I am modeling the fine behavior of interacting oscillatory circuits. I have looked up a couple of methods for measuring inductance. I believe I am following the procedure faithfully, but the values I obtain aren't as precise as I expect. This is, in principle, an elementary question, but ideally I'd like precision of 1% or less and I don't believe I am attaining it with the methods I can find. I have a Tektronix 1001B oscilloscope and a pretty standard signal generator.
First: Is a precision of 1% with this equipment unrealistic?
If not, I have followed the procedure for measuring inductance with a sinewave here: https://meettechniek.info/passive/inductance.html (I also tried the method where you tune the frequency until the inductor voltage is half the total voltage).
I measure across two inductors in series; as a sanity check I also did both inductors separately. L1 is the kind of inductor that looks like a resistor (see the green thing in the photo below); Lcoil is a coiled inductor (see below). The nominal values are L1=220 uH and Lcoil=100 uH, so I expect a total of roughly Ltot=320 uH. All measurements are with f=95kHz because that is the frequency of operation.
- R_s=100 Ohm gives Ltot=290, L1=174, and Lcoil=122 (L1+Lcoil=296)
- R_s=56 Ohm gives Ltot=259, L1=174, and Lcoil=98 (L1+Lcoil=272)
Are these the best numbers that I can expect? The coil value changes by over 20%, and the total value varies by ~10%. I do not have an electronics background, so if there are some basic intuitive principles I am overlooking, please let me know!
Edit: I add a screencap of one of the calculations, which provides the values of the inductance and the inductor resistance.
Best Answer
The method you use is very error sensitive, ESR can be an issue but also determining the exact voltage ratios isn't easy.

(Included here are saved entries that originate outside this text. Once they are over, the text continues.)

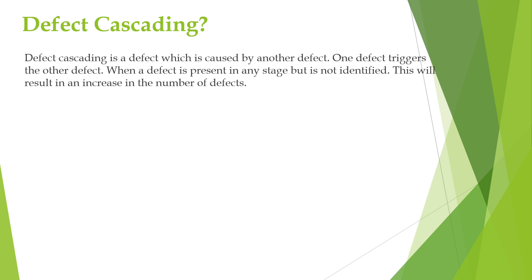Let us understand defect cascading with an example. Let us assume that we are developing a web application for a bank and it consists of several modules like user authentication module, account information module, transaction module, and notification module.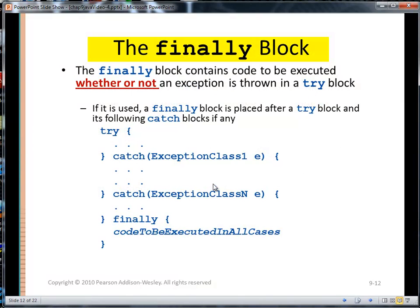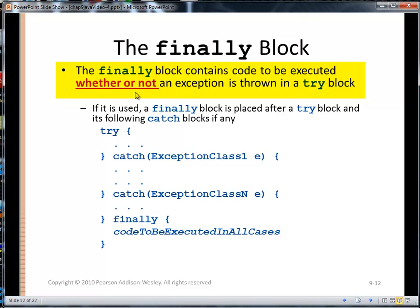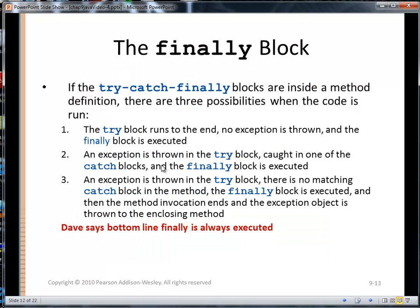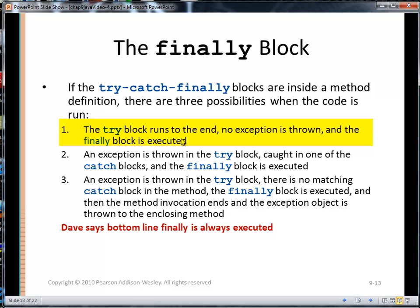The finally block contains code to be executed whether or not an exception is thrown in a try block. If it is used, a finally block is placed after the try block and its following catch blocks — so here's try, here's our catches, then here is our finally block. If the try-catch-finally blocks are inside a method definition, there are three possibilities. First, the try block runs to the end, no exception is thrown, the happy path was executed, and then the finally block is executed — it's guaranteed to be executed.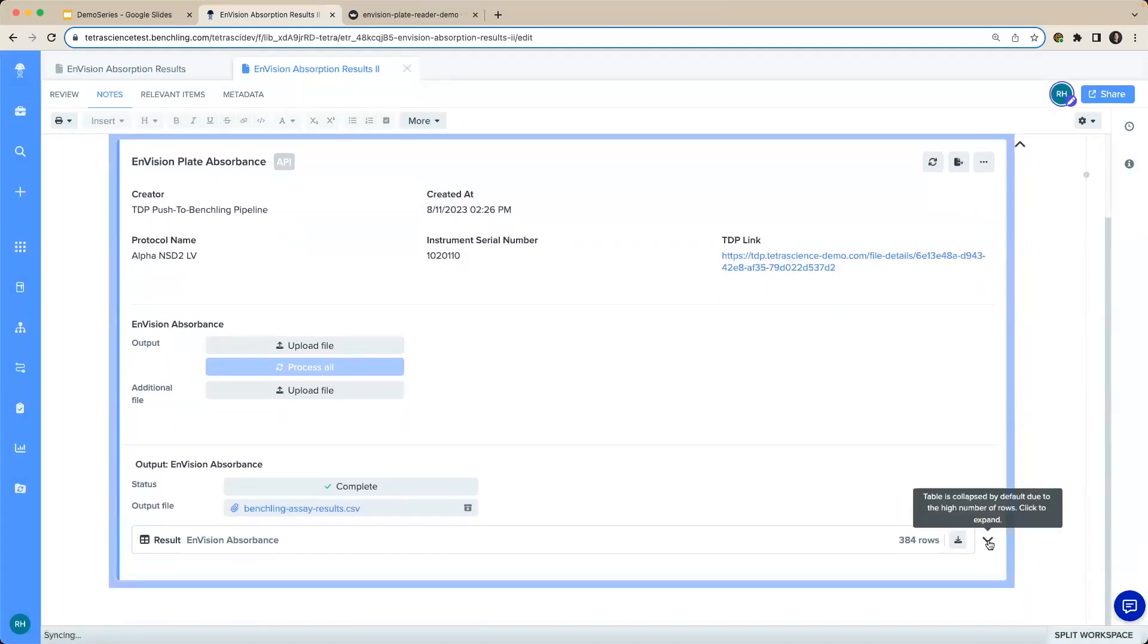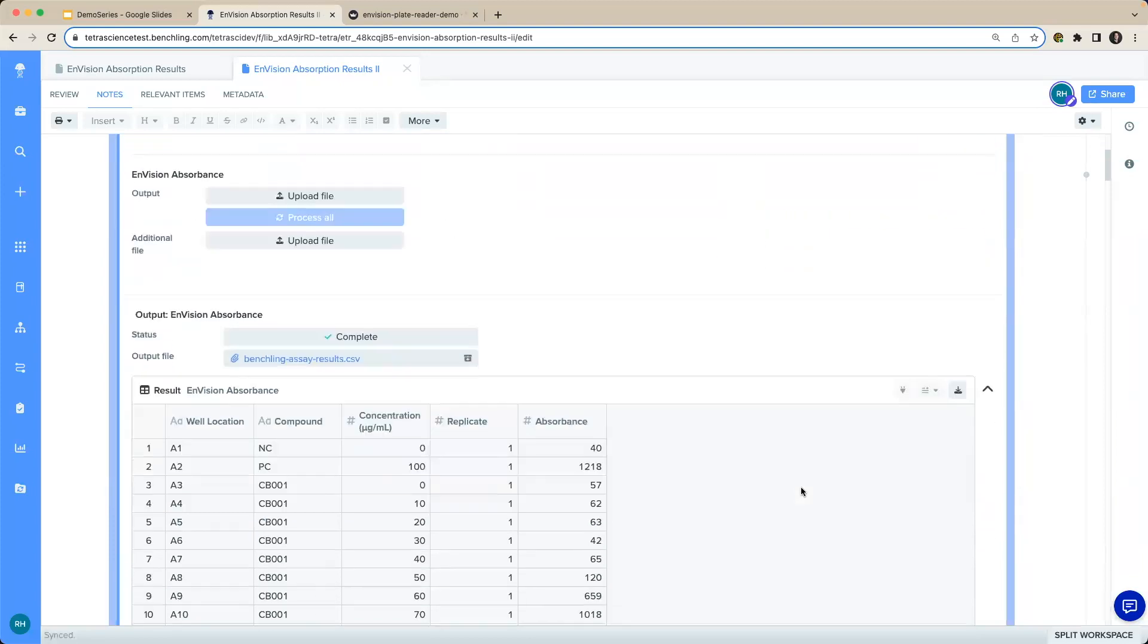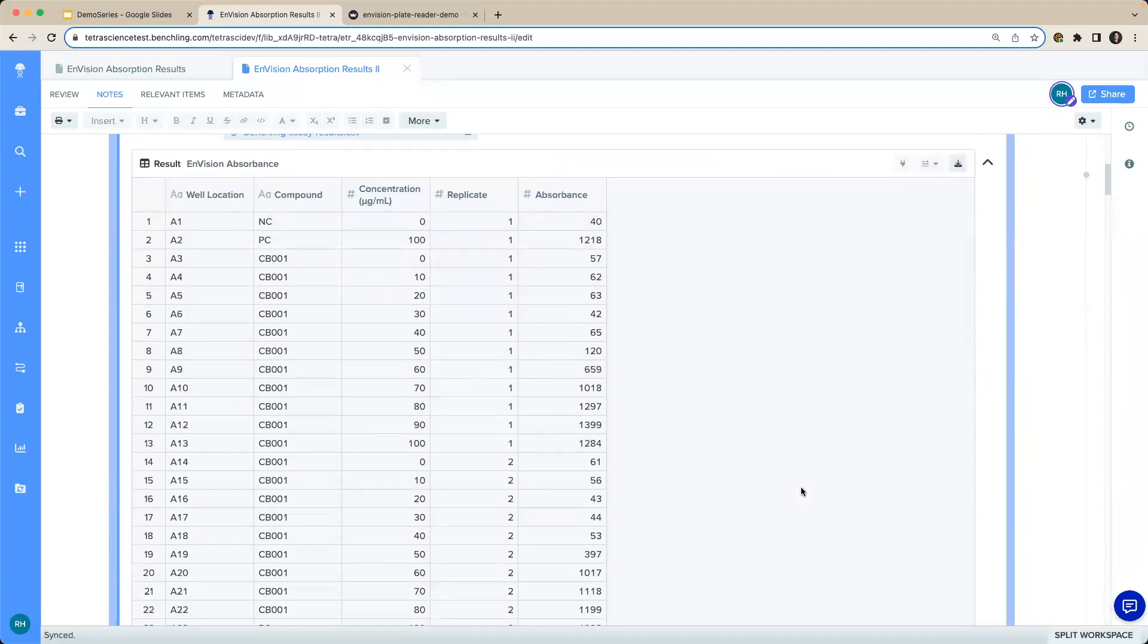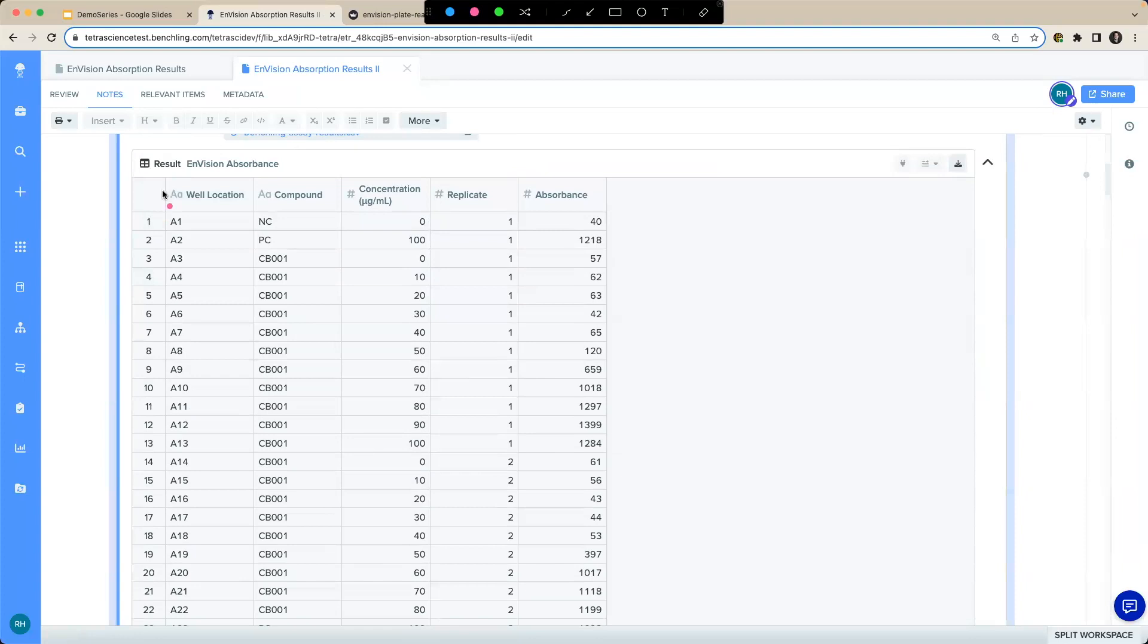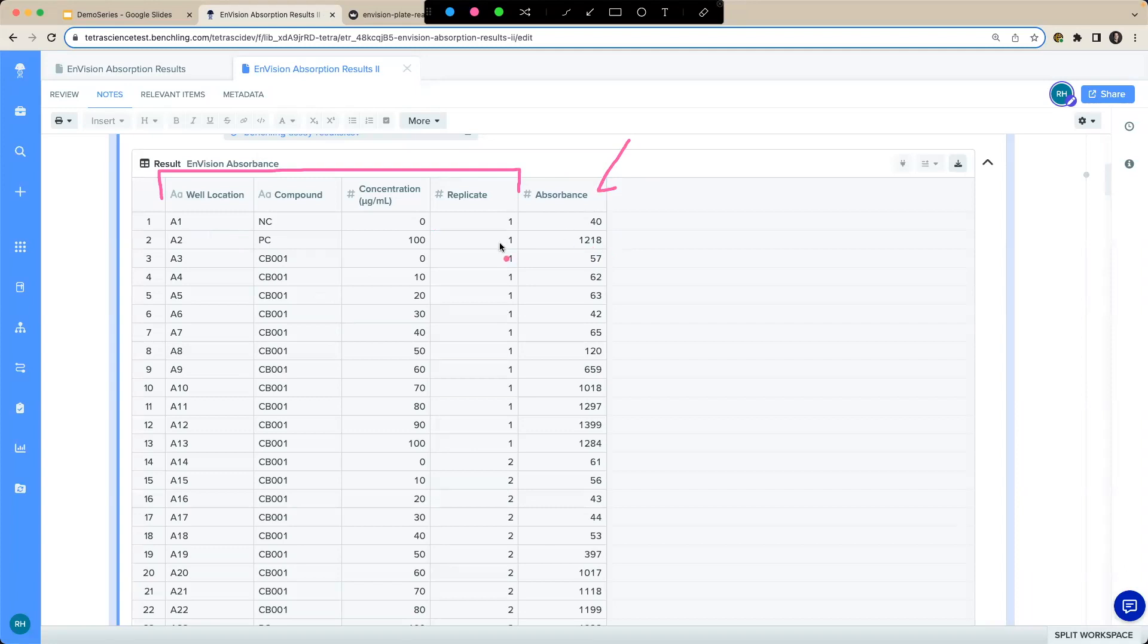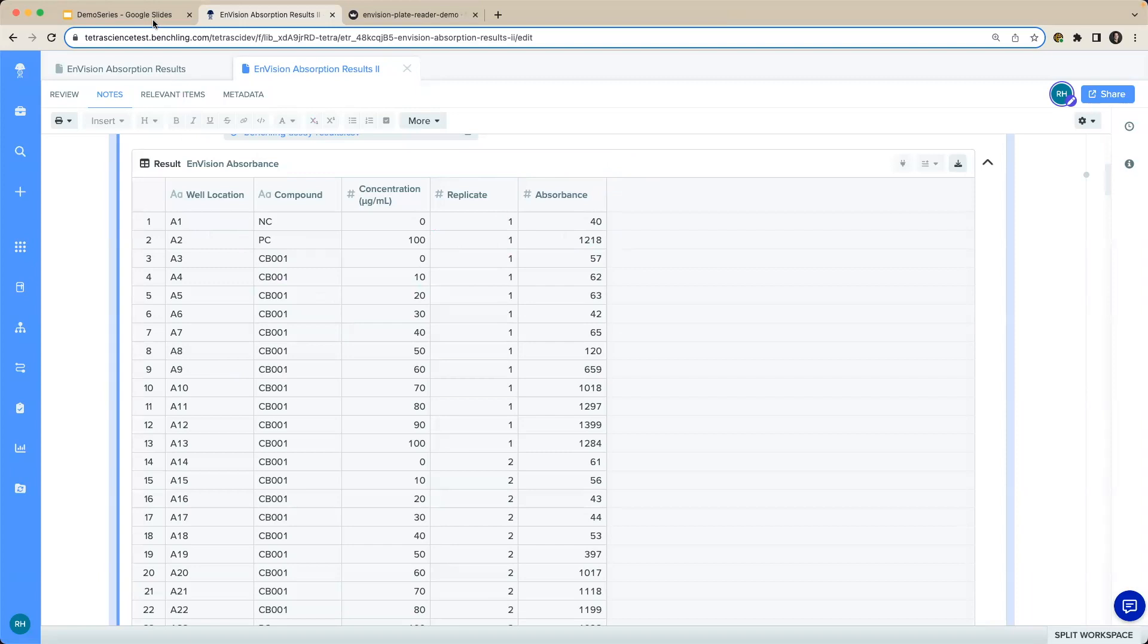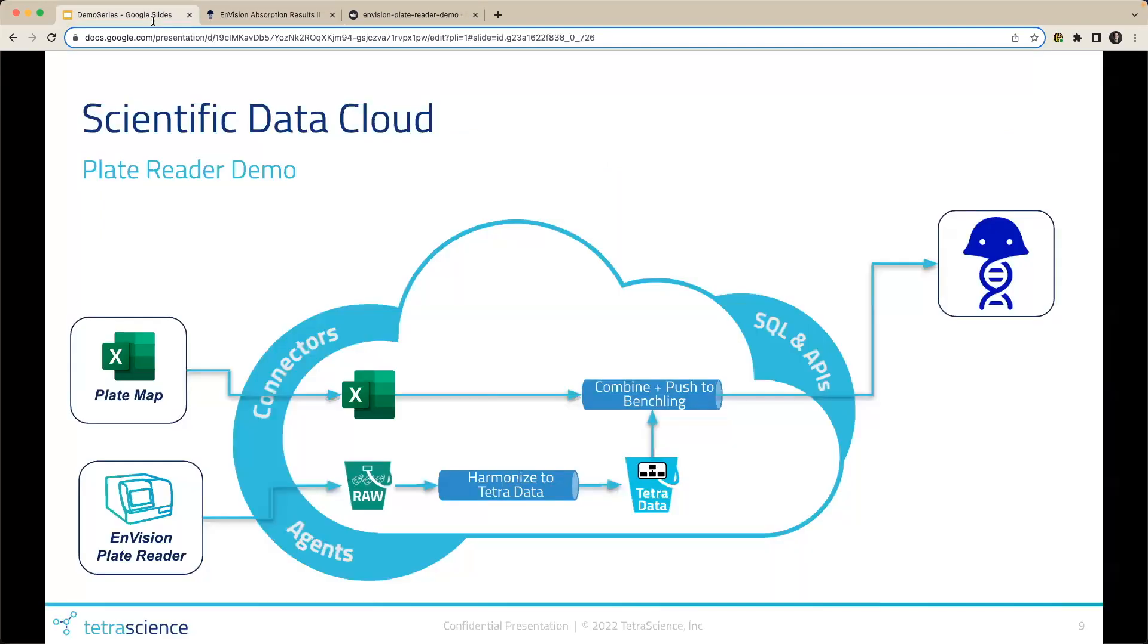I'll scroll down. And I can see all my absorbance information in this table, where I have the information from my plate map in my first four columns automatically associated with my plate reader instrument results, all in one table, easy for the scientists to consume. In conclusion, the Tetra data platform was able to automate the correlation of our plate map with our Tetra data and push those results to Benchling with very little manual interaction.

I would use LC-parallel resonance:
\$F_c=\frac 1 {2\pi\sqrt{LC}}\$
Get a 1% (or better) accurate capacitor. If you do not have such a capacitor then just forget about the whole thing, you will not get the 1% accuracy.
Use a circuit like this:
simulate this circuit – Schematic created using CircuitLab
If you have a rough value for Lx then use the formula above to determine the resonance frequency in combination with the accurate capacitor C_1%.
You should aim for a frequency that the signal generator can easily generate, for example 1 MHz. Set the generator output voltage a couple of volts, the exact value does not matter because we want to determine the resonance frequency.
Vary the frequency of the generator and on the oscilloscope keep an eye on the signal amplitude. The frequency where the amplitude is the largest, that is the resonance frequency. Then use that frequency and the value of C_1% to determine the value of Lx? using the formula above.
If the signal generator is not very accurate (if it is an analog signal generator) then measure the frequency using your oscilloscope. You need a better than 0.01% accurate value for the frequency otherwise you cannot get the 1% overall accuracy. Your oscilloscope is a digital one so it can measure frequencies with more enough accuracy.